> [PROBLEM REQUIREMENTS] Restate the listing exactly.

> [DATA PROVIDED]
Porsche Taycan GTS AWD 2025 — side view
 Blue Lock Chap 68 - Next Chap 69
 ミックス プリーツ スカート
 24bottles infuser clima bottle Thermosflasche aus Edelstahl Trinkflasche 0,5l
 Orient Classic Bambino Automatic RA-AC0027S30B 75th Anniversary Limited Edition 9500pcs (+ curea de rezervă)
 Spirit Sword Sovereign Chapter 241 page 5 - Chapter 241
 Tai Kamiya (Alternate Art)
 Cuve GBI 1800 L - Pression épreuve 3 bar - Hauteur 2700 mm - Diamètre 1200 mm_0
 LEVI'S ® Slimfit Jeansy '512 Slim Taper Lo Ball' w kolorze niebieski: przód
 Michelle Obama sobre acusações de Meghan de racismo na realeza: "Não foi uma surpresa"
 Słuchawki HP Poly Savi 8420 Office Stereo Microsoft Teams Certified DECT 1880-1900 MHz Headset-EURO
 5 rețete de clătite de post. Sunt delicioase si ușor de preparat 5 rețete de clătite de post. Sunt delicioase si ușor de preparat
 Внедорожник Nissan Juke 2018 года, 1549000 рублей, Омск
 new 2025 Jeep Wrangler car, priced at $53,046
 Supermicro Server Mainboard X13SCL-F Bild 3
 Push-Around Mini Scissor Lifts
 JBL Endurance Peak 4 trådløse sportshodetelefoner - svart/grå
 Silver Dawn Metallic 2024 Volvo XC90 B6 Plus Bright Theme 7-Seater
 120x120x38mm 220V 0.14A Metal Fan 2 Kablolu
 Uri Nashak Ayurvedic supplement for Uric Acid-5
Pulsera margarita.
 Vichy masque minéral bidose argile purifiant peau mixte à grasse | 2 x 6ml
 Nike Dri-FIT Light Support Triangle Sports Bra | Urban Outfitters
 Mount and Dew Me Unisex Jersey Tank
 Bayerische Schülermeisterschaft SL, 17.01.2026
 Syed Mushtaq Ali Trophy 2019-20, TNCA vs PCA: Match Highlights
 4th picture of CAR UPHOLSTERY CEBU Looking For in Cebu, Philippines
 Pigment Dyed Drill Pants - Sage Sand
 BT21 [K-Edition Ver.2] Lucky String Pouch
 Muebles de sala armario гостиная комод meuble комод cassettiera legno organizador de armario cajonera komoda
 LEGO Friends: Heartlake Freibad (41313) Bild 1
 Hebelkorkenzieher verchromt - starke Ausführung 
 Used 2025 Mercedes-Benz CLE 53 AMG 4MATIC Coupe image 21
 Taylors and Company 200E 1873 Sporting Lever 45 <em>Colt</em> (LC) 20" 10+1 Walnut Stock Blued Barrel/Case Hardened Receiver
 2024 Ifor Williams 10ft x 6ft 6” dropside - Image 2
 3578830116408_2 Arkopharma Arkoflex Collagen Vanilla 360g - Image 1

> [ANSWER FOR THIS EXERCISE]
Porsche Taycan GTS AWD 2025 — side view
 Blue Lock Chap 68 - Next Chap 69
 ミックス プリーツ スカート
 24bottles infuser clima bottle Thermosflasche aus Edelstahl Trinkflasche 0,5l
 Orient Classic Bambino Automatic RA-AC0027S30B 75th Anniversary Limited Edition 9500pcs (+ curea de rezervă)
 Spirit Sword Sovereign Chapter 241 page 5 - Chapter 241
 Tai Kamiya (Alternate Art)
 Cuve GBI 1800 L - Pression épreuve 3 bar - Hauteur 2700 mm - Diamètre 1200 mm_0
 LEVI'S ® Slimfit Jeansy '512 Slim Taper Lo Ball' w kolorze niebieski: przód
 Michelle Obama sobre acusações de Meghan de racismo na realeza: "Não foi uma surpresa"
 Słuchawki HP Poly Savi 8420 Office Stereo Microsoft Teams Certified DECT 1880-1900 MHz Headset-EURO
 5 rețete de clătite de post. Sunt delicioase si ușor de preparat 5 rețete de clătite de post. Sunt delicioase si ușor de preparat
 Внедорожник Nissan Juke 2018 года, 1549000 рублей, Омск
 new 2025 Jeep Wrangler car, priced at $53,046
 Supermicro Server Mainboard X13SCL-F Bild 3
 Push-Around Mini Scissor Lifts
 JBL Endurance Peak 4 trådløse sportshodetelefoner - svart/grå
 Silver Dawn Metallic 2024 Volvo XC90 B6 Plus Bright Theme 7-Seater
 120x120x38mm 220V 0.14A Metal Fan 2 Kablolu
 Uri Nashak Ayurvedic supplement for Uric Acid-5
Pulsera margarita.
 Vichy masque minéral bidose argile purifiant peau mixte à grasse | 2 x 6ml
 Nike Dri-FIT Light Support Triangle Sports Bra | Urban Outfitters
 Mount and Dew Me Unisex Jersey Tank
 Bayerische Schülermeisterschaft SL, 17.01.2026
 Syed Mushtaq Ali Trophy 2019-20, TNCA vs PCA: Match Highlights
 4th picture of CAR UPHOLSTERY CEBU Looking For in Cebu, Philippines
 Pigment Dyed Drill Pants - Sage Sand
 BT21 [K-Edition Ver.2] Lucky String Pouch
 Muebles de sala armario гостиная комод meuble комод cassettiera legno organizador de armario cajonera komoda
 LEGO Friends: Heartlake Freibad (41313) Bild 1
 Hebelkorkenzieher verchromt - starke Ausführung 
 Used 2025 Mercedes-Benz CLE 53 AMG 4MATIC Coupe image 21
 Taylors and Company 200E 1873 Sporting Lever 45 <em>Colt</em> (LC) 20" 10+1 Walnut Stock Blued Barrel/Case Hardened Receiver
 2024 Ifor Williams 10ft x 6ft 6” dropside - Image 2
 3578830116408_2 Arkopharma Arkoflex Collagen Vanilla 360g - Image 1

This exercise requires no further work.